Scheduled at 8:00am in Westminster III on Wednesday, November 14.#17346
- Sue Johnston, Instructional Designer, University of Maryland
- Length of Session: 1-hr
- Format: Lecture
- Expertise Level: Beginner
- Type of session: General Conference
UMD’s commitment to creating and maintaining a welcoming and inclusive educational environment for people of all abilities means that creators of web-based information must have the skills and abilities necessary to ensure it is accessible to all students. Learn how UMD is helping faculty become accessibility DIY’ers with their own course content.
As the University of Maryland began developing an official Web Accessibility Policy, it became apparent that there was a wide range of knowledge and abilities among faculty and staff in how to make web-based course information accessible. As the number of courses with an online component has increased, so have the types of content utilized in those spaces -- resulting in the need for everyone to have a basic set of tools and expertise in accessibility requirements and best practices. The Division of Information Technology began leading an effort to provide training and resources necessary for anyone on campus creating online content to gain those basic skills. This session will describe the trainings, software, LMS integrations, and resources that are used to create a culture of DIY IT Accessibility on the UMD campus.
- Overview of the University of Maryland’s Web Accessibility Policy
- Campus environment of DIY accessibility for all content creators, including The 6 Essential Steps
- Resources, trainings, LMS (Canvas) integrations, and software used to support faculty and staff
Faculty Instruction/Accessible Course Design, Uncategorized
Sue Johnston is an Instructional Designer at the University of Maryland's Division of Information Technology, who also has experience as a Middle School Special Education teacher.
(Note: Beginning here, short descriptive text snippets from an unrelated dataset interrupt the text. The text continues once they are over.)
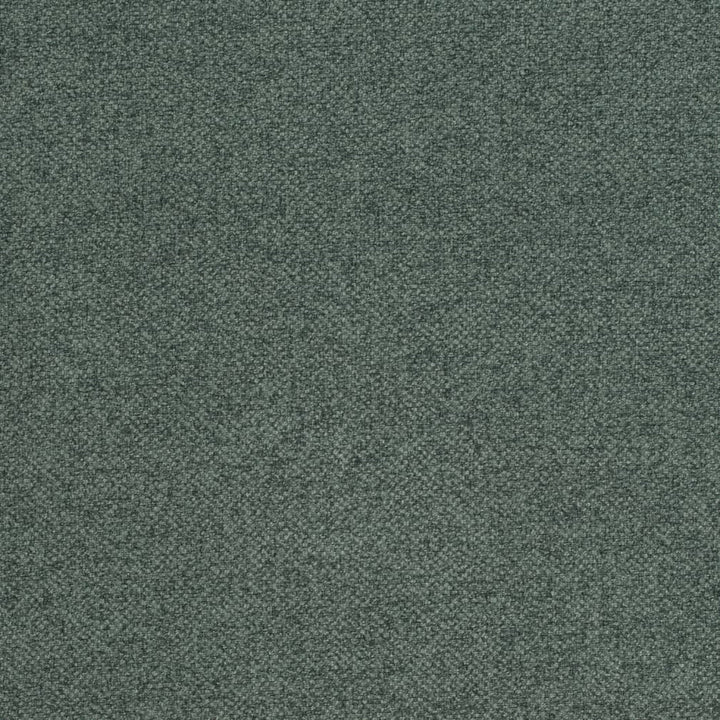 D3991 by Charlotte Designer Fabric Simply Solid 100% Polyester Asia Exceeds 70,000 Wyzenbeek Rubs (Heavy Duty) No Repeat 54 Inches - Swanky Fabrics -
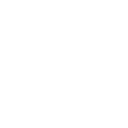 Default Pose icon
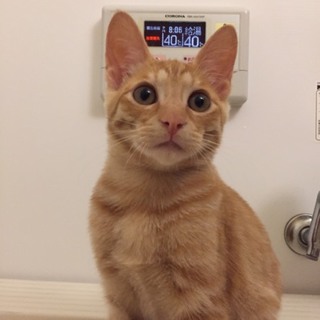 里親さん見つかりました‼ありがとうございました☺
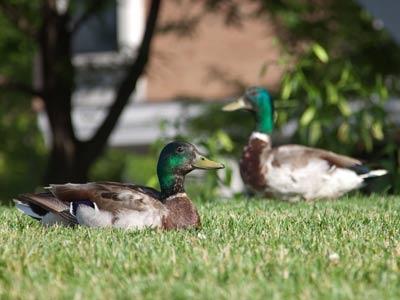 `No, HE has to apologize first.`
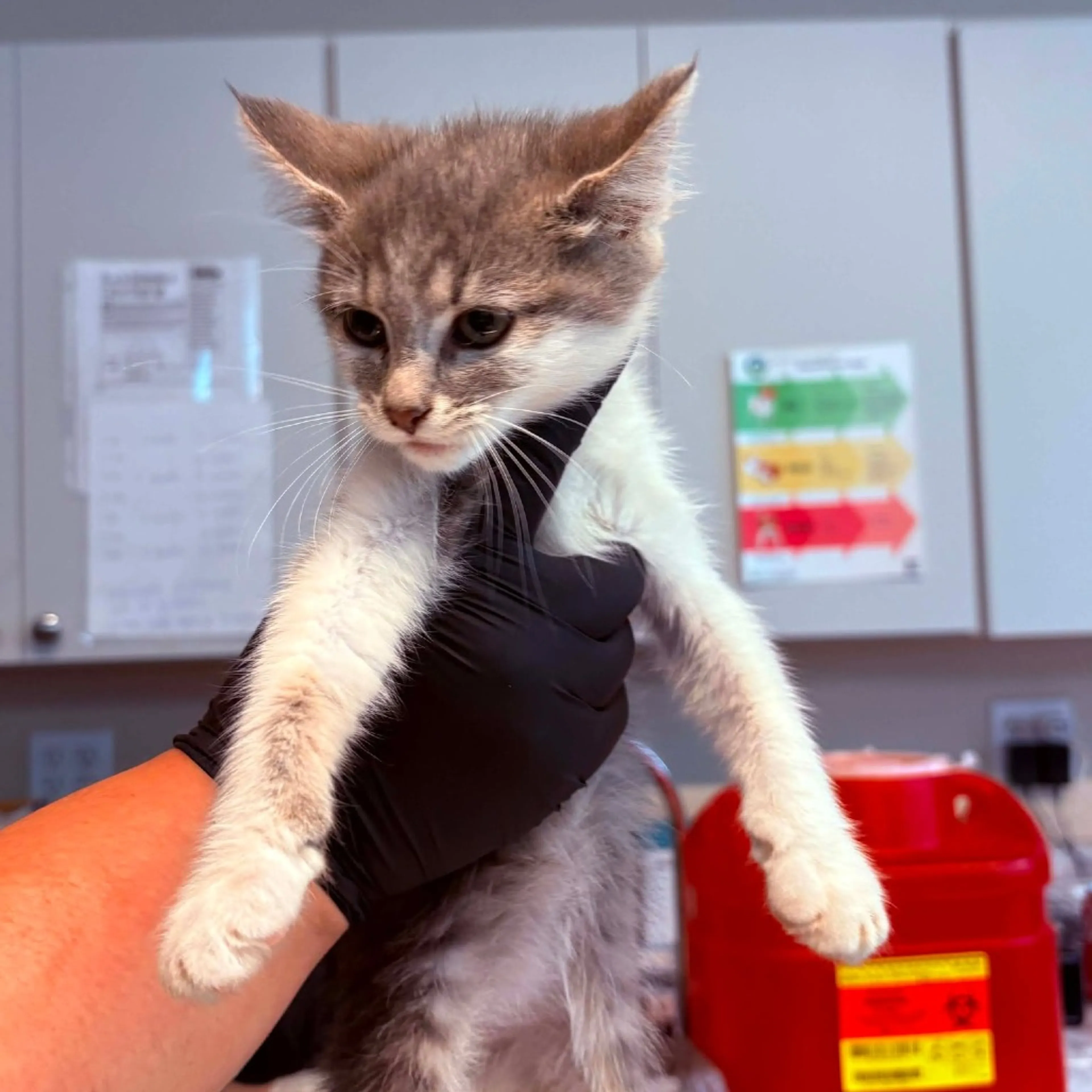 Found pet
She provides technical support to faculty and staff, focusing on accessibility and universal design of web-based information, including course design. Sue is also a member of the UMD President's Commission on Disability Issues, and is involved in activities to ensure the campus is an inclusive and diverse community. In 2017 she received a UMD Global Partnerships Grant to visit the University of Edinburgh to share best practices in accessible and inclusive learning.